Kernel fails, no errors or explanation Smaller kernel runs fine

I hate coming to the forums just to ask a question, but I’m stumped.

When I run a small kernel, it compiles and executes fine, returning the right answer. When I increase the kernel size to 50 lines, all the result buffers are full of zeros.

The ptx code looks fine. It’s about 760 lines (instructions).

Is there a limit on kernel size? Is there some way to check if the kernel was actually executed or if it crashed?


You may have missed to add a context error callback, pass a callback function to clCreateContext and see if it gets called.

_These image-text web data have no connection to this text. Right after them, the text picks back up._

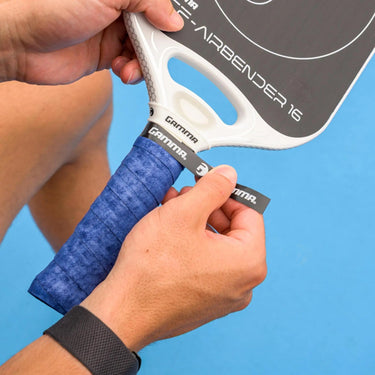 PB Pro Wrap Overgrip Gamma Sports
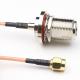 DC 3.3-5.0V Communication Cable N Female to Male Antenna RF Coaxial Extension RG316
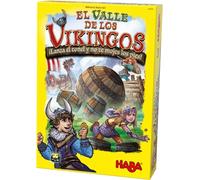 Haba el valle de los vikingos - esp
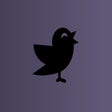 أيقونة البرنامج: TweetTalk
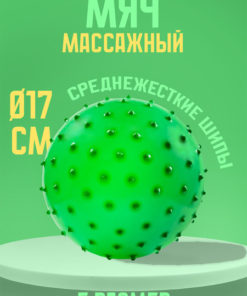Franklin Massage Ball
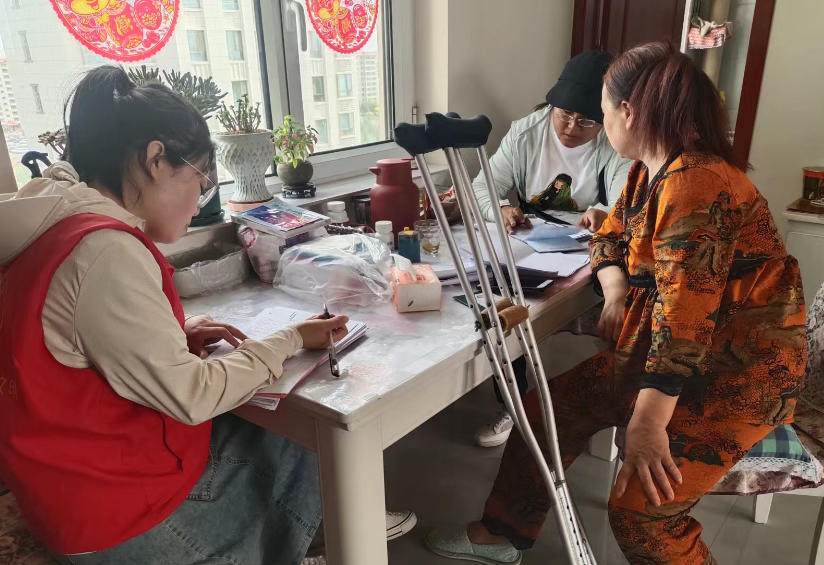 611分女生残疾影响填志愿 残疾考生高考志愿填报建议 611分女生残疾影响填志愿 残疾考生高考志愿填报建议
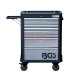 GABINETE DE HERRAMIENTAS DE 8 CAJONES BGS 4107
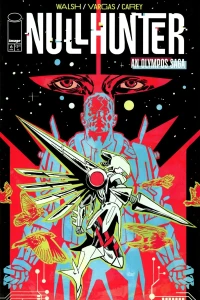 Chapter Six: The Stymphalian Birds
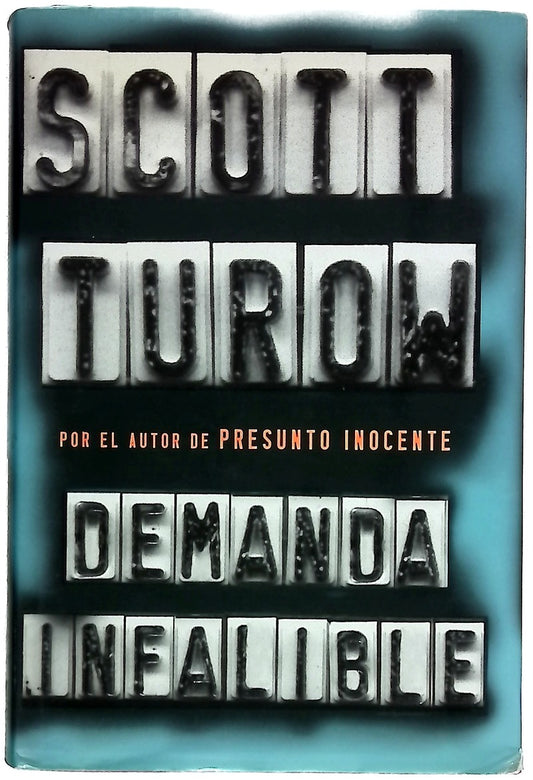 Demanda infalible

You are fantastic! That was exactly it. I’m getting CL_OUT_OF_RESOURCES error executing CL_COMMAND_NDRANGE_KERNEL when I increase the size of my kernel past a certain point.

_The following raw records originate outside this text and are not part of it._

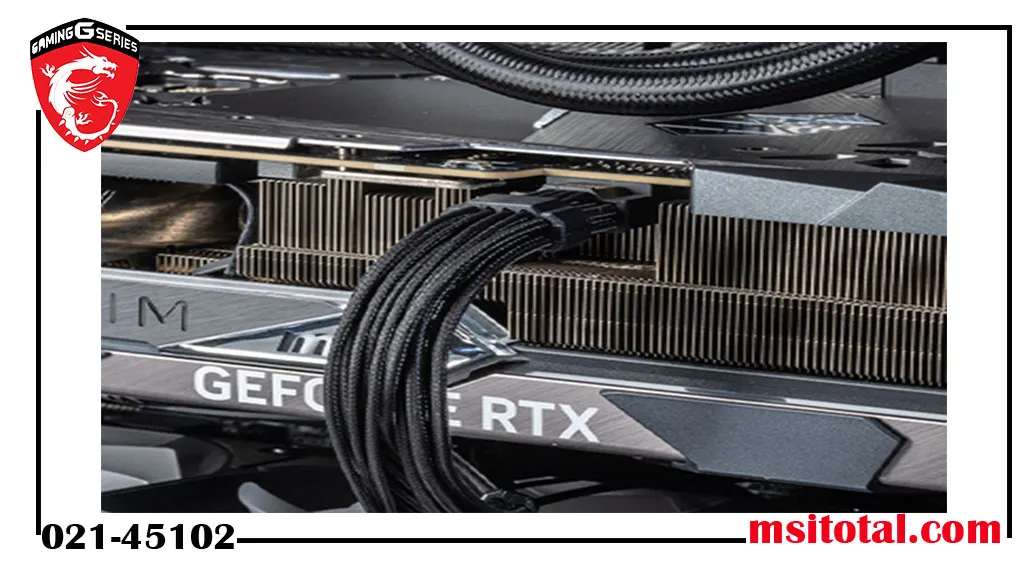 چه پاوری برای RTX 5070 Ti مناسب است؟ معرفی بهترین منبع تغذیه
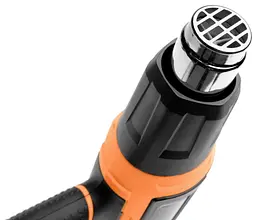 Інструмент EKWB EK-Loop Heat Gun 2000W - EU Plug - мініатюра 5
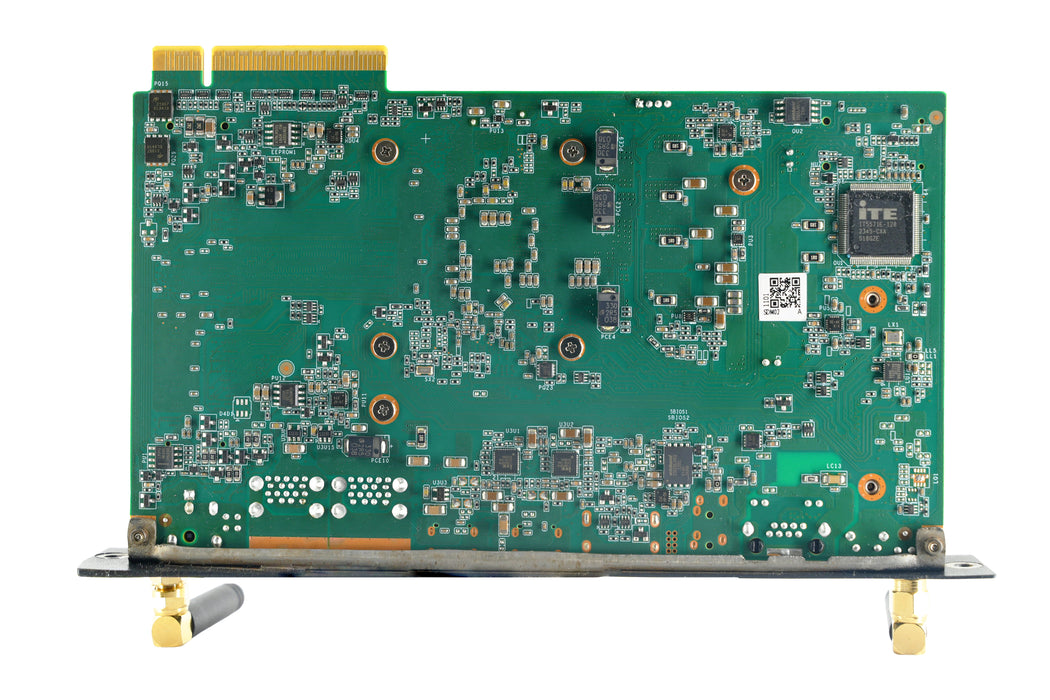 EAN 4948570033577 - iiyama SDM51201BC-1L PCs/estación de trabajo Intel® Core™ i5 i5-12450H 8 GB DDR4-SDRAM 256 GB SSD Windows imagen 5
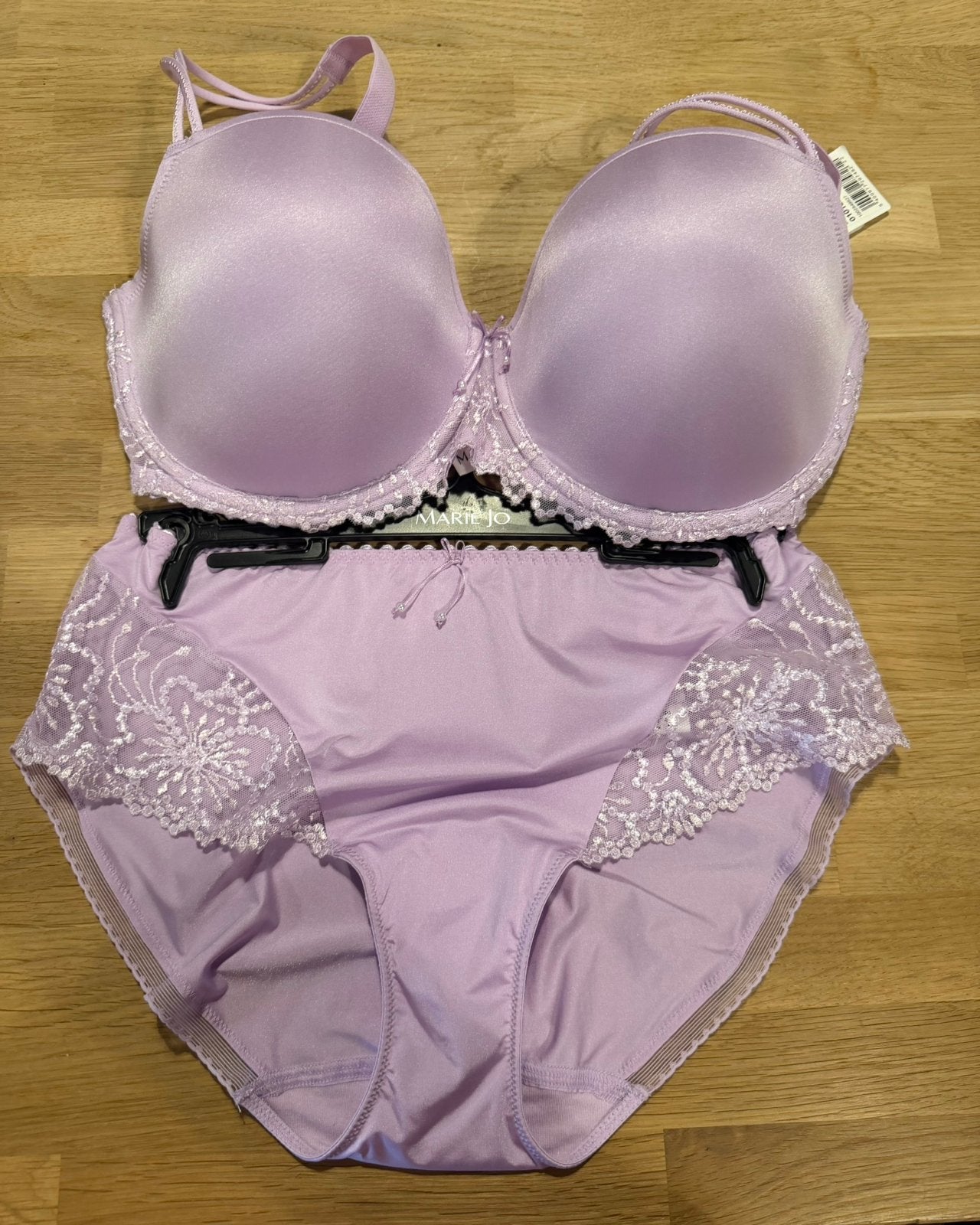 Marie Jo bh 75E slip 40 NIEUW!! Bh €45, Ophalen of Verzenden, BH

Is there a limit on the size of a kernel? My card should have 65k of constant memory, and instructions are loaded in constant memory. The assembly in TEXT format takes up only 9k.

Thanks so much for helping me find that error. I’ve been stuck on it for a while and I was completely perplexed as to what was going wrong.

Problem solved!

The registers on the device are divided up per thread, allowing immediate and free context switching without loading anything onto or off of a stack. I forgot about this, and spawned more threads than CL_KERNEL_WORK_GROUP_SIZE, meaning that the number of threads * the number of registers per thread is greater than the number of registers on the device.

If you run into the error CL_OUT_OF_RESOURCES error executing CL_COMMAND_NDRANGE_KERNEL then request the max number of work group items using clGetKernelWorkGroupInfo() and make sure that the number going into clEnqueueNDRangeKernel() is less than or equal to this!